During the preview, we saw remarkable uptake and excitement from customers who require the highest levels of performance. Organizations pushing the boundaries of scale and latency are putting Valkey 9.0 to the test for their most demanding workloads:
“A high-performance caching layer is critical to our infrastructure at Snap. We are excited to see the General Availability of Valkey 9.0 on Google Cloud Memorystore. The new architectural enhancements, including SIMD optimizations, offer strong performance benefits for throughput and latency. Having access to a managed service backed by an open standard gives us valuable flexibility in how we deploy and manage our caching workloads.” – Ovais Khan, Principal Software Engineer, Snap
This need for uncompromising speed and flexibility extends beyond social networking infrastructure into the financial sector, where real-time transaction processing and reliability are non-negotiable.
“In the financial services sector, milliseconds matter and data reliability is paramount. By utilizing Memorystore for Valkey on Google Cloud in the critical GPay stack powering the UPI Acquirer Switch for Top Indian Banks, Juspay is proud to leverage Memorystore to handle high-throughput transactional data with exceptionally low latency.
We are excited about the GA release of Valkey 9.0. The performance gains from features like pipeline memory prefetching, combined with the assurance of a fully managed, truly open-source solution, provide us with the scale and reliability necessary to securely serve all our customers.” – Arun Ramprasadh, Head of UPI, Juspay
Similarly, in the media and entertainment space, delivering uninterrupted experiences to massive audiences requires a caching layer capable of instantly absorbing traffic spikes.

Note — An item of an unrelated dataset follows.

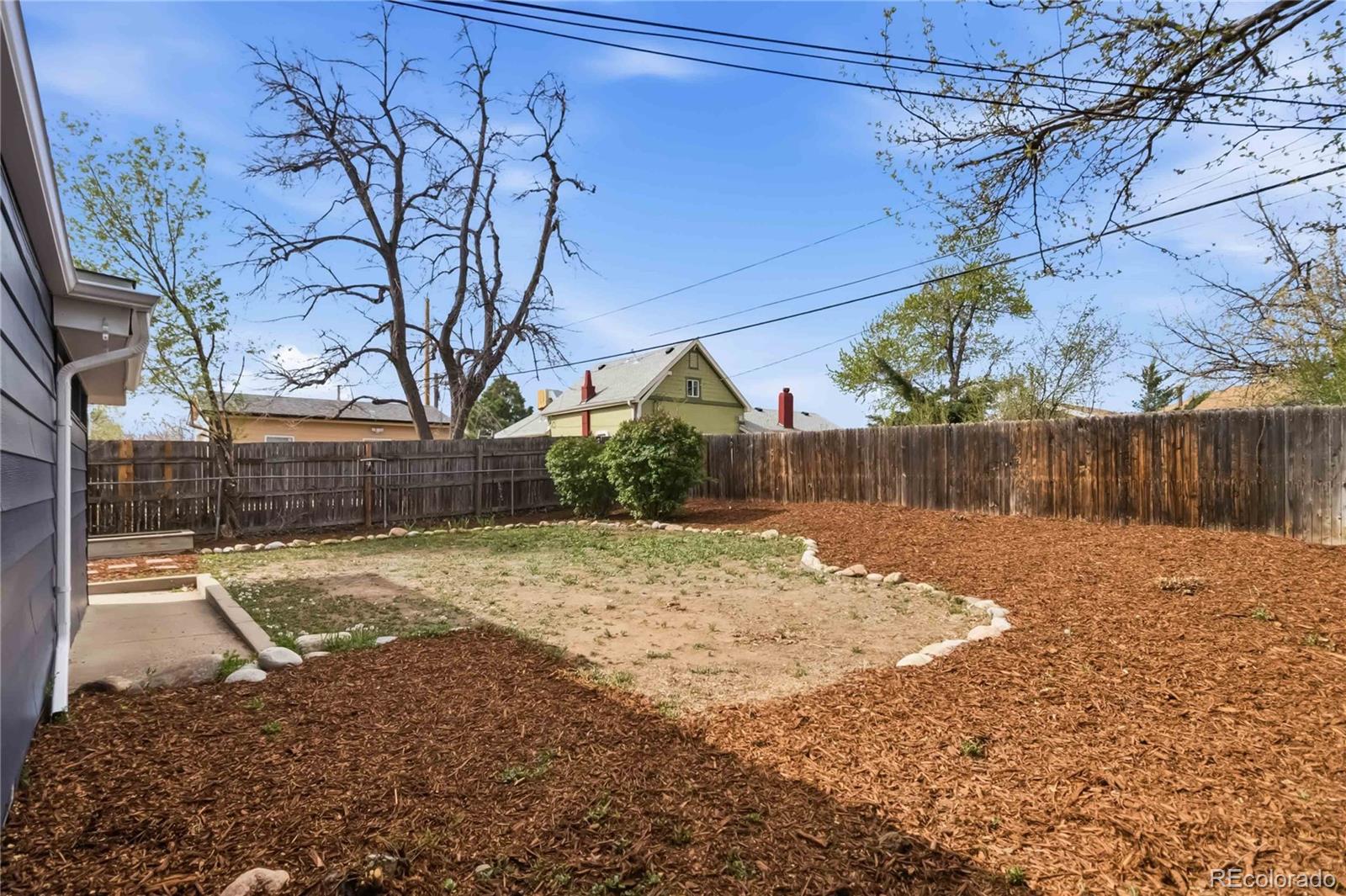 MLS Image #42 for 1225  roslyn street,denver, Colorado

“During the preview of Valkey 9.0 on Google Cloud Memorystore, we’ve experienced amazing performance and stability. Live streaming demands absolutely minimal latency and maximum throughput. The architectural enhancements in Valkey 9.0 allow us to scale our caching layer more efficiently to handle traffic spikes during major events. Relying on a fully managed, open-source solution ensures Fubo can deliver a seamless viewing experience to our audience.” – Kevin Anthony, Platform Engineering Manager, Fubo
Performance at scale: Speed without compromise
Valkey 9.0 is engineered for raw speed. By building upon the enhanced IO threading architecture introduced in Valkey 8.0, Valkey can handle significantly higher throughput and reduced latency on multi-core VMs. The performance gains are driven by several architectural enhancements as highlighted in the official Valkey 9.0 release announcement on the Valkey blog:
- Pipeline memory prefetching: This optimization increases throughput by up to 40% by improving memory access efficiency during pipelining.
- Zero copy responses: For large requests, this feature avoids internal memory copying, yielding up to 20% higher throughput.

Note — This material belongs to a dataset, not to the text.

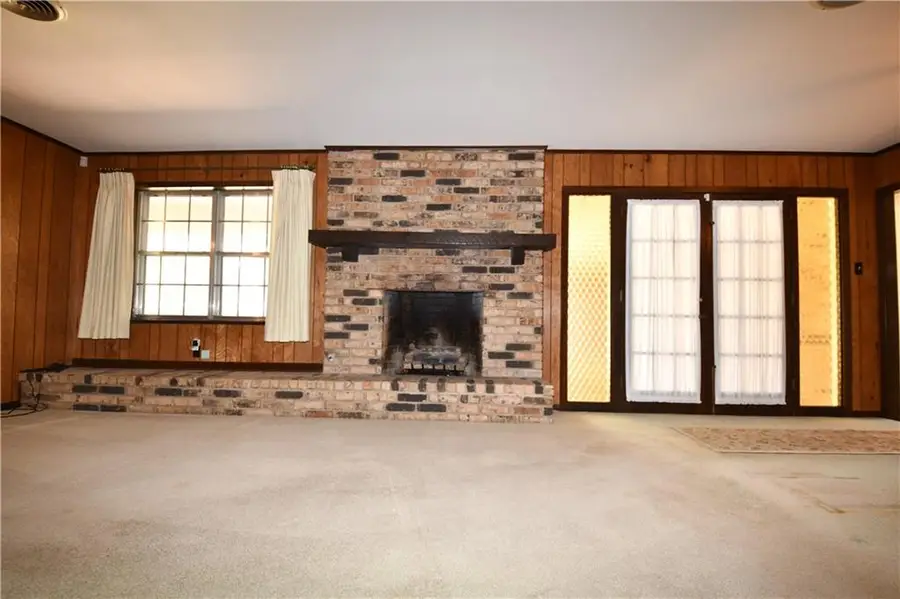 527 Wimbledon Boulevard, Alexandria, LA 71303 - #2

- SIMD optimizations: By utilizing SIMD for BITCOUNT and HyperLogLog operations, Valkey 9.0 delivers up to 200% higher throughput for these common tasks.(Note: The figures above are based on open-source benchmarks; actual performance improvements will vary depending on your specific workloads.)
The mechanics of throughput: Pipelining
In Valkey, latency is largely constrained by network round-trip-time (RTT). If an application waits for each response before initiating the next request, total throughput remains bound by this round-trip latency. Pipelining addresses this by disaggregating latency and throughput, allowing multiple requests to be sent over a single connection without awaiting immediate responses.